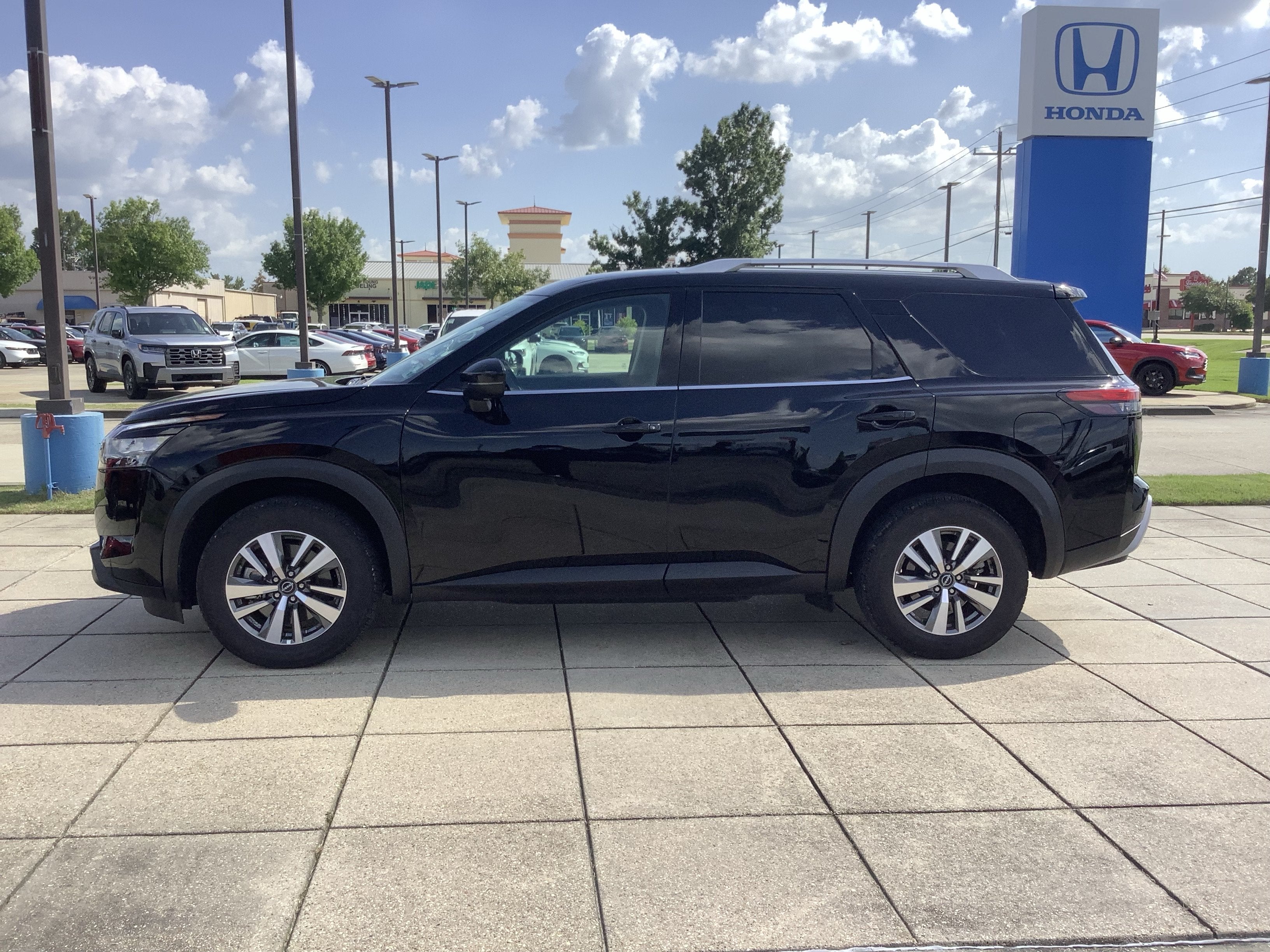 2025 Nissan Pathfinder SL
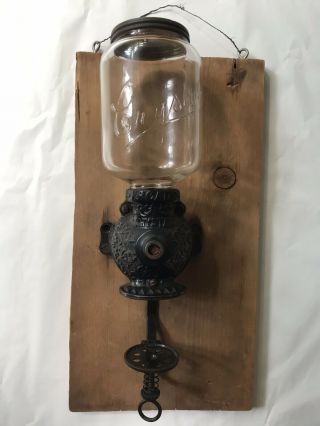 Arcade Crystal No.  3 Coffee Grinder / Cast Iron / Orig Glass Jar And Tin Lid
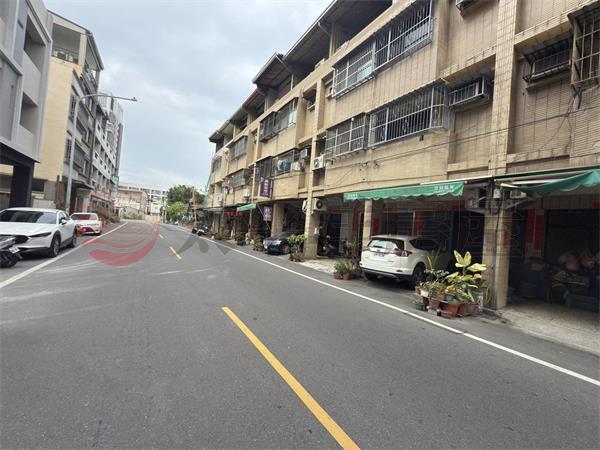 員林東區雙車金店面__住家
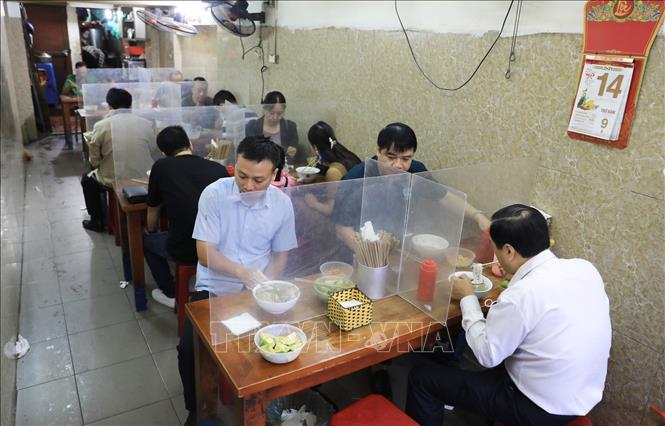 Photo: A restaurant in Hanoi reopens for in-person dining on October 14. VNA Photo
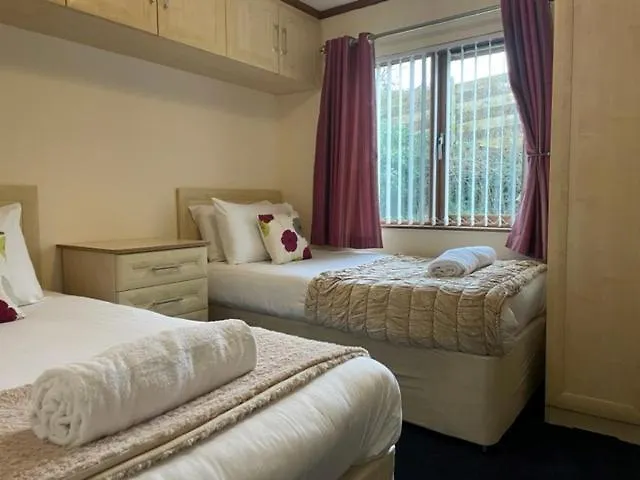 The Oak Lodge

--

Aim of the exercise:
Every line from the one containing "Arcade Crystal No." through the end of the entries above, both included, should be extracted exactly, with pictures left out.

Solution for this exercise:
 Arcade Crystal No.  3 Coffee Grinder / Cast Iron / Orig Glass Jar And Tin Lid
 員林東區雙車金店面__住家
 Photo: A restaurant in Hanoi reopens for in-person dining on October 14. VNA Photo
 The Oak Lodge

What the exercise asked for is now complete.